How does the debt-to-income ratio (DTI) work?
Your debt-to-income ratio (DTI) tells lenders how high your debt load is and they use it to help them predict whether you’ll be able to make your monthly mortgage payments.
How is the DTI calculated?
The DTI is easy to calculate. First, add up all of your monthly debt payments. Do not include recurring expenses, such as your electricity or grocery bill. Then, divide the total amount of your monthly debts by your gross monthly income. You will end up with a decimal number. Multiply by 100 to get your DTI ratio as a percentage. For example, a DTI calculation of 0.43 × 100 = 43%.
What is a good DTI to have when applying for a VA home loan?
Ideally, lenders like to see applicants with DTIs of around 36% or less.
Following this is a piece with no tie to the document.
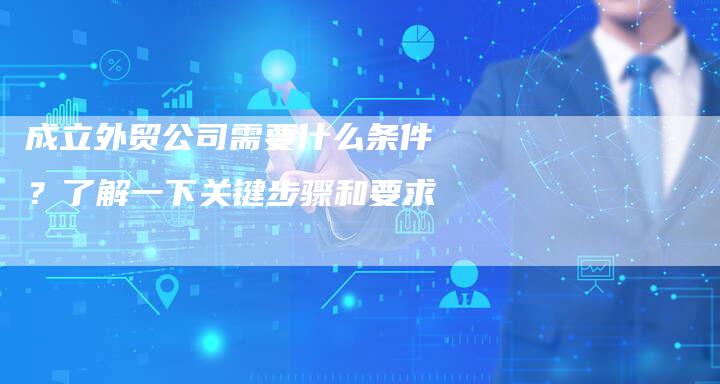 成立外贸公司需要什么条件？了解一下关键步骤和要求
In general, conforming loans – home loans made by private lenders and later sold to Fannie Mae and Freddie Mac – cannot exceed a DTI of 45%. At a DTI of 45%, applicants must meet strict credit score and down payment requirements.
Generally, lenders are unwilling to lend to buyers who have a DTI of 50% or more. VA loans may be an exception to this rule.
Housing Expenses Vs. Overall DTI: What’s the Difference?
Another metric that lenders consider in addition to your overall DTI is your housing expense ratio. This is calculated by adding up just your housing costs and dividing it by your gross monthly income. For tenants, it is simply rent. For homeowners, this would include your PITI, or principal, interest, property taxes, and homeowners insurance premiums.
Some lenders refer to the widely accepted rule of thumb – called “the 28/36 rule” – of housing affordability. This rule would apply to a VA mortgage applicant who spends 28% of their monthly gross income on housing expenses and no more than 36% on their overall debts – including student loans, car payments and debt. credit card.
Keep in mind that these guidelines are probably unrealistic if you live in one of the most expensive areas of the United States, and most lenders realize how difficult it is to maintain a low debt-to-income ratio, especially especially in these times of inflation.
If your credit score is between 580 and 619, Rocket Mortgage® requires you to have a Housing Expense Ratio of no more than 38% and an overall DTI of no more than 45%. Unless you have had something like bankruptcy or foreclosure in the past, in most other cases your eligible DTI is based on what the VA underwriting systems will approve.